The government of Spain and the Inter-American Development Bank signed an agreement to cooperate in the execution of the Fund for Cooperation for Water and Sanitation, a Spanish initiative that is expected to provide up to US$1.5 billion in grants to countries in Latin America and the Caribbean over the next four years. Under the agreement, Spain will set priorities and evaluate the impact of the projects financed by the Fund, while the IDB will identify and prepare specific investments and oversee their implementation and evaluation, in coordination with the recipient governments. The agreement was announced during the 18th Ibero-American Summit being held in San Salvador.
“I am very pleased that one year after my announcement at the Seventeenth Ibero-American Summit held in Santiago, Chile, the Fund for Cooperation for Water and Sanitation is now a reality,” said Spanish Prime Minister José Luis Rodríguez Zapatero.
The memorandum of understanding to establish the Spanish Fund for Water and Sanitation was signed by IDB President Luis Alberto Moreno, Soraya Rodríguez, Secretary of State for International Cooperation and President of the Spanish Agency for International Development (known by the Spanish acronym AECID), and David Vegara, Secretary of State for Economic Affairs of Spain.
Spain is providing €300 million in 2008 as its initial contribution to the new fund. The grants will be available to finance projects in water supply, sewerage, wastewater treatment, urban storm drainage, water resource management, adaption to climate change, efficiency and operations management.

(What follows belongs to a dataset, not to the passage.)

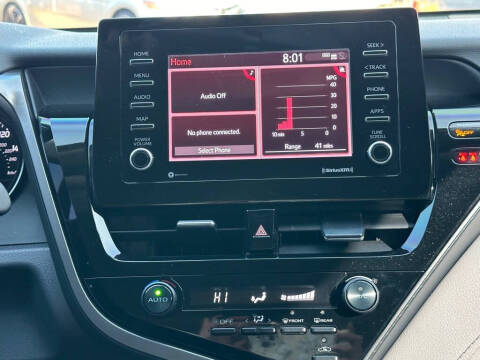 2021 Toyota Camry SE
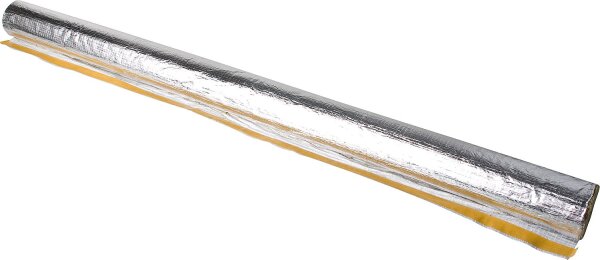 EnEV-Rohrschalen-Alu Ø 18 mm / 23 mm, á 1 m / VPE 35 m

Moreno praised the Spanish initiative, pointing out that it comes in the midst of an international financial crisis, and at a time when many governments are under pressure to cut back on their contributions to development.
“This is an extraordinary commitment that will help close the gap in water and sanitation coverage in Latin America,” said the IDB president. “This gesture not only demonstrates the generosity of the Spanish people and their support for our region, it also challenges us to think big, to find ambitious and definitive solutions to these problems,” Moreno added.
According to Moreno, at least 85 million people in Latin America and the Caribbean do not have access to drinking water and some 115 million live without proper sanitation.
All the member countries of the Ibero-American Community and Haiti will have access to the fund. National, regional and local government agencies, state-owned enterprises, cooperatives and other types of water and sanitation service providers will be eligible for the grants.
“In our view, universal access to sustainable water and sanitation services is crucial to make progress towards the ultimate goal of Spain’s policy on cooperation for development, which is to fight poverty,” said AECID President Rodríguez.